Task instructions> Write out only the lines from the line containing "new 2025 Mercedes-Benz GLC 350e car" to the end of the listing below, both included, exactly as they stand. Drop the pictures.

The data>

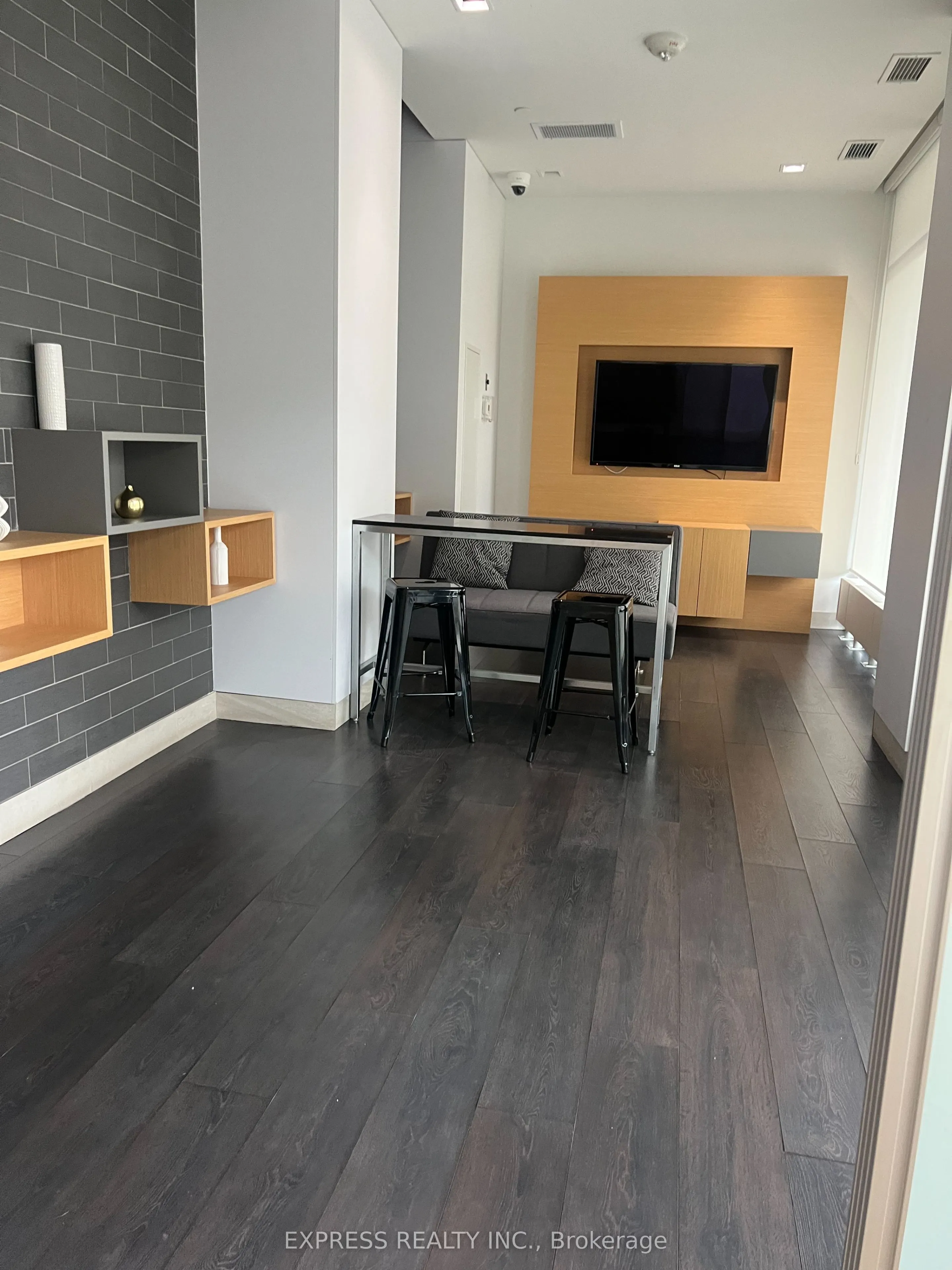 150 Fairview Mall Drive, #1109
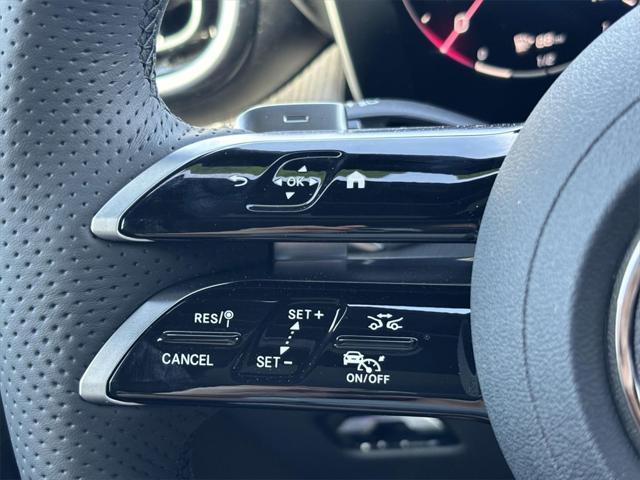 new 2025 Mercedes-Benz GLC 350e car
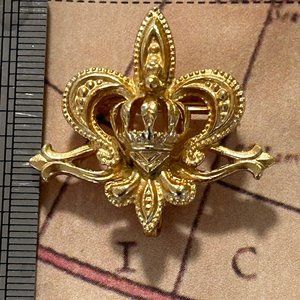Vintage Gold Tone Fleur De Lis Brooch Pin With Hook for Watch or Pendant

Problem solution>
 new 2025 Mercedes-Benz GLC 350e car
Vintage Gold Tone Fleur De Lis Brooch Pin With Hook for Watch or Pendant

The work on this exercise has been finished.